Job Title: Senior DevOps Engineer – Generative AI & Cloud Solutions
Company: BrezQ
Location: Hyderabad, India (Hybrid / On-site Options)
Employment Type: Full-Time
About BrezQ
At BrezQ , we don’t just deliver IT consulting and software services; we develop future-driven tech solutions that help businesses lead the digital era. From robust Cloud-Native Development and Salesforce CRM solutions to highly secure, scalable infrastructure, we specialize in modernizing technology ecosystems. As we scale our AI & ML Integration practices, we are looking for a forward-thinking DevOps Engineer to bridge the gap between traditional cloud infrastructure and the evolving world of Generative AI.
Role Summary
We are seeking a Senior DevOps Engineer with specialized experience in Generative AI / LLMOps pipelines. In this role, you will design, automate, and secure the infrastructure that powers our custom software solutions and AI integrations.
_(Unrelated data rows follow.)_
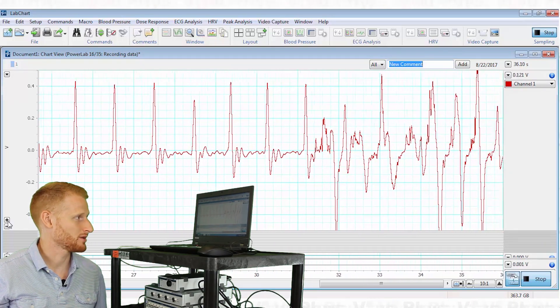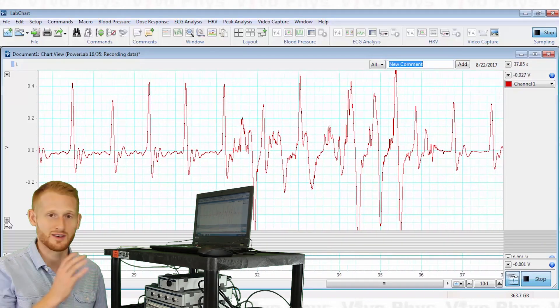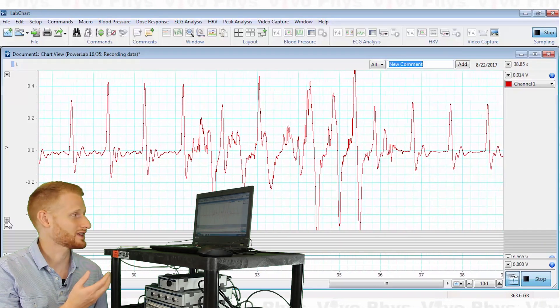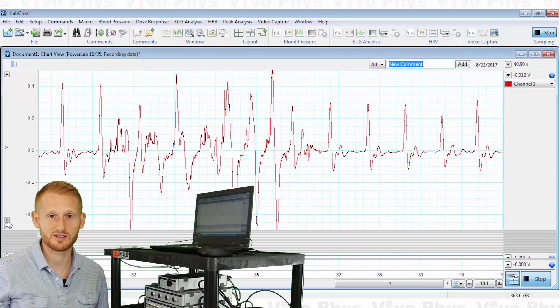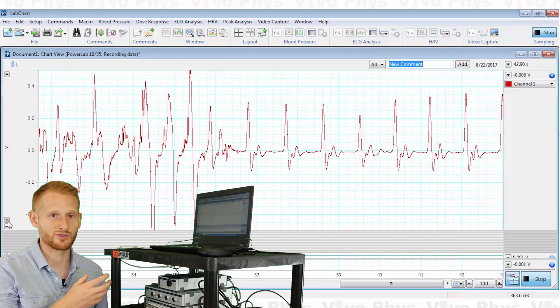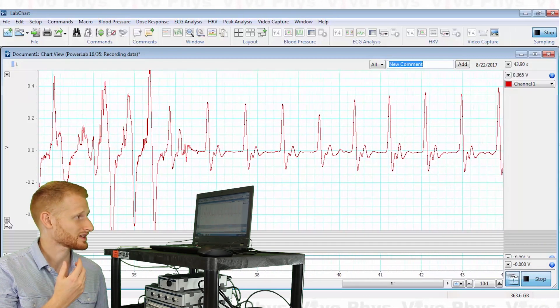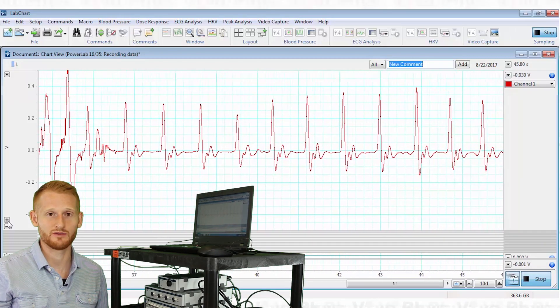Alright, so you want to make sure they're nice and still like I'm doing now again, and you're going to get a reasonably clear signal. This can be used for calculating heart rate and doing heart rate variability.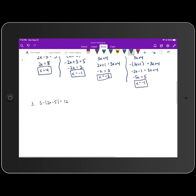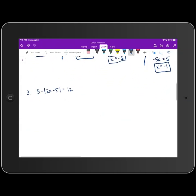I'm going to have you work number three. You have 5 minus the absolute value of 2x minus 5 equals 12. I want you to pause the video, go ahead and work that problem through, and whenever you're done you can unpause the video and we'll look at it together.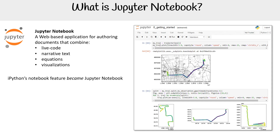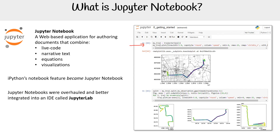Jupyter Notebook actually came about from IPython — IPython is the precursor of it, and they extracted that feature out and it became Jupyter Notebook. IPython is now a kernel to run Python, so when you execute Python code here, it's using IPython, which is just a version of Python.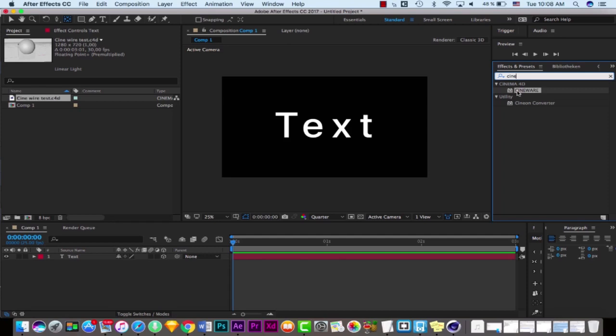That makes our life very easy — you don't need to take a render output or wait for hours to see your final result. Although, it doesn't mean that with Cineware you never need a render output. In some cases, Cineware is very efficient and saves lots of time. In other projects, it wouldn't work because you need to take a render output from Cinema 4D and then do compositing work. But in some projects, I found this plugin very useful.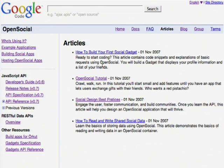There are tutorials there which will tell you how to write your first gadget, and also links to all the groups and other resources that I'm going to tell you about today.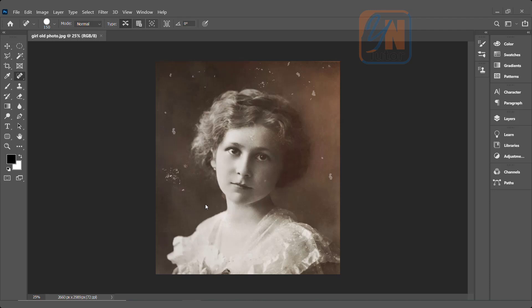Hi, this is lesson number 9 from our Photoshop training series. In this exercise we are going to learn about healing brush tool, spot healing brush and patch tool.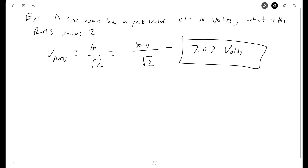In this video we derived the RMS value of a sinusoidal wave, learned about the period, and learned the relationship between the peak value and the RMS value. RMS is crucial for representing the equivalent DC value of a sinusoidal wave, and is very useful for comparing alternating current to DC current. Thank you for watching — please subscribe.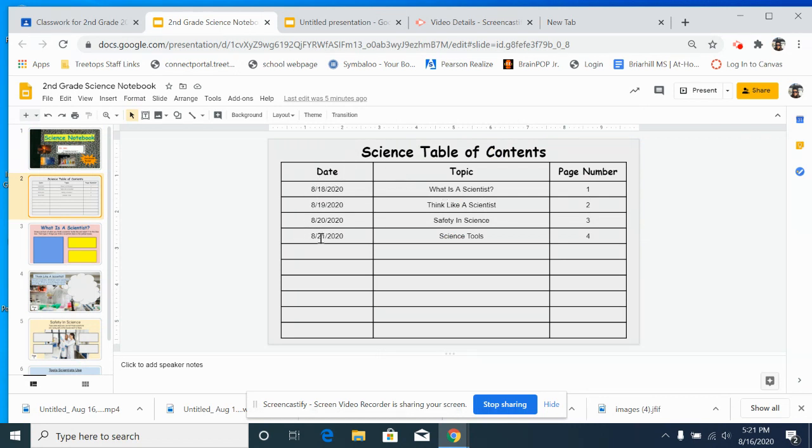Later in the year, you guys will be writing it yourself. You have the date, the topic, and the page number.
You will be responsible for setting up scalable cloud environments, building seamless CI/CD pipelines, and establishing cutting-edge deployment frameworks for Large Language Models (LLMs) and foundational AI applications.
Key Responsibilities
1. GenAI & LLMOps Infrastructure
- Design and manage cloud infrastructure tailored for hosting, fine-tuning, and serving Generative AI models.
- Implement and manage infrastructure for AI orchestration frameworks (e.g., LangChain, LlamaIndex, Semantic Kernel).
- Optimize vector databases (e.g., Pinecone, Milvus, Qdrant, or pgvector in PostgreSQL) for highly efficient Retrieval-Augmented Generation (RAG) pipelines.
- Implement cost-optimization strategies for heavy compute resources (GPUs/TPUs).
2. Core DevOps & Cloud Engineering
- Architect, scale, and maintain secure, cloud-native infrastructure utilizing AWS, Azure, or GCP .
- Orchestrate and manage containerized workloads using Docker and Kubernetes .
- Implement robust Infrastructure as Code (IaC) using Terraform, OpenTofu, or CloudFormation.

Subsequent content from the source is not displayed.